Murkowski is determined to pass the American Energy Innovation Act, Murfitt said during Monday's webinar hosted by Citizens for Responsible Energy Solutions.
"I want to make sure that you understand, because I think if Senator Murkowski were on this call right now, she'd be telling you this — she is absolutely 110% committed to this bill," Murfitt said. "She has not wavered at all on that. And she's gonna fight until there's just simply no path forward left for the bill."
The legislative package received bipartisan support, though initially some were frustrated by the bill's omission of building code upgrades and tax credits for clean energy technologies. Ultimately, compromises were reached to accommodate those policy asks, said Murfitt.
"We had a path forward. Unfortunately, we hit an unimaginable stumbling block," she said.
Sens.
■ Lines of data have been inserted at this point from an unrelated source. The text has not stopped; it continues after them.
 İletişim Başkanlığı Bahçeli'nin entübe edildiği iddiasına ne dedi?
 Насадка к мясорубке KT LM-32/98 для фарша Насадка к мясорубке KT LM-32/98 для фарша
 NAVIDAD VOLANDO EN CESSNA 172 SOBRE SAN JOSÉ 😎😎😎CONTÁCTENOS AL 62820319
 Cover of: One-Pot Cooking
Tom Carper, D-Del., and John Kennedy, R-La., pushed for inclusion of their bill, the AIM Act, which would have authorized a 15-year phasedown of hydrofluorocarbon use, a potent greenhouse gas used in refrigerators and air conditioning systems. That dispute became contentious enough that the Senate was not able to invoke cloture after accommodating that bill into the legislative package.
Murkowski at the time said the dispute was "beyond frustrating."
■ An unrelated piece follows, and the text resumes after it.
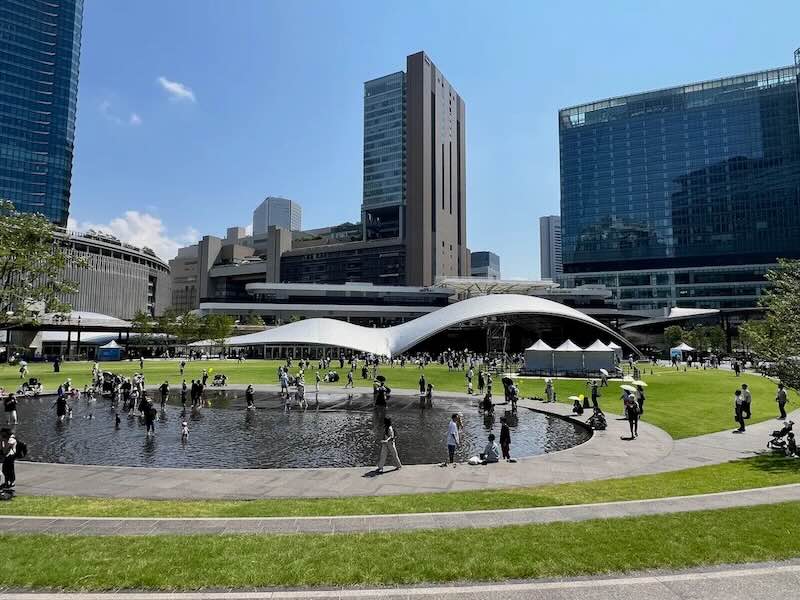 大阪（梅田）エリア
But now, Environmental and Public Works is "making real progress" on negotiations over the AIM Act, said Murfitt.
"If that does, in fact, turn out to be the case, we could bring our energy bill back to the floor, as early as July," she said. A source familiar with the American Innovation and Manufacturing Act confirmed that “significant progress on advancing the bill is being made, and there’s real hope it passes this year.” Environmental and Public Works was not able to comment on the specifics of negotiations.
Bringing this bill back to the floor could ultimately bode well for the beginnings of bipartisan negotiations on what a longer-term economic recovery package should look like, say policy observers.
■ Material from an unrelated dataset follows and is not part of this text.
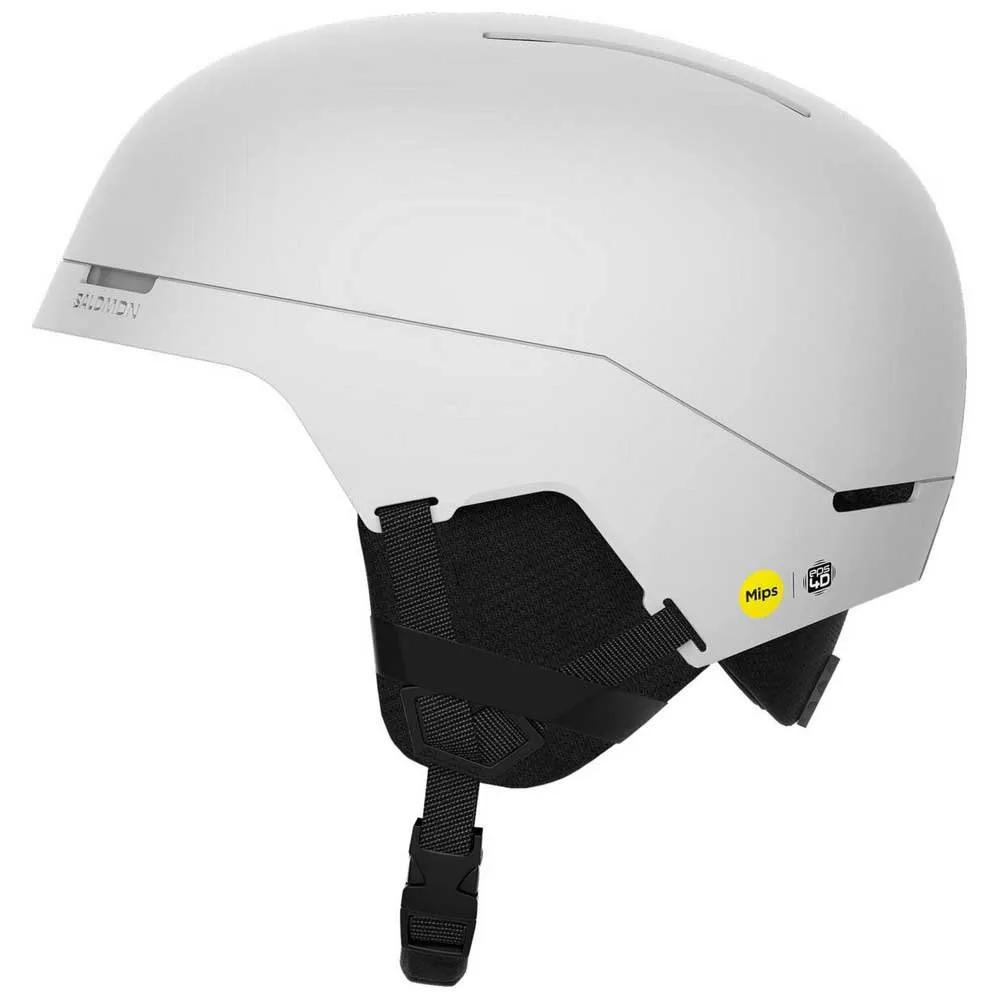 Salomon Шлем Brigade Mips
House Democrats last week introduced an ambitious clean energy bill as part of their larger Moving Forward legislative proposal, and some are optimistic that Senate Republicans and House Democrats may be able to find some common ground between the two proposals, though the House bills do not have bipartisan support.
"Conceptually, there are some things that might be sort of philosophically aligned" between these legislative packages, Brad Townsend, managing director for strategic initiatives at the Center for Climate and Energy Solutions told Utility Dive.
"If we're going to spend a significant amount of money locking in infrastructure, potentially for several decades, there's a need to think about how to make that climate positive in ways that don't require us to end up needing to spend that money all over again in, say, 10 or 15 years," he said.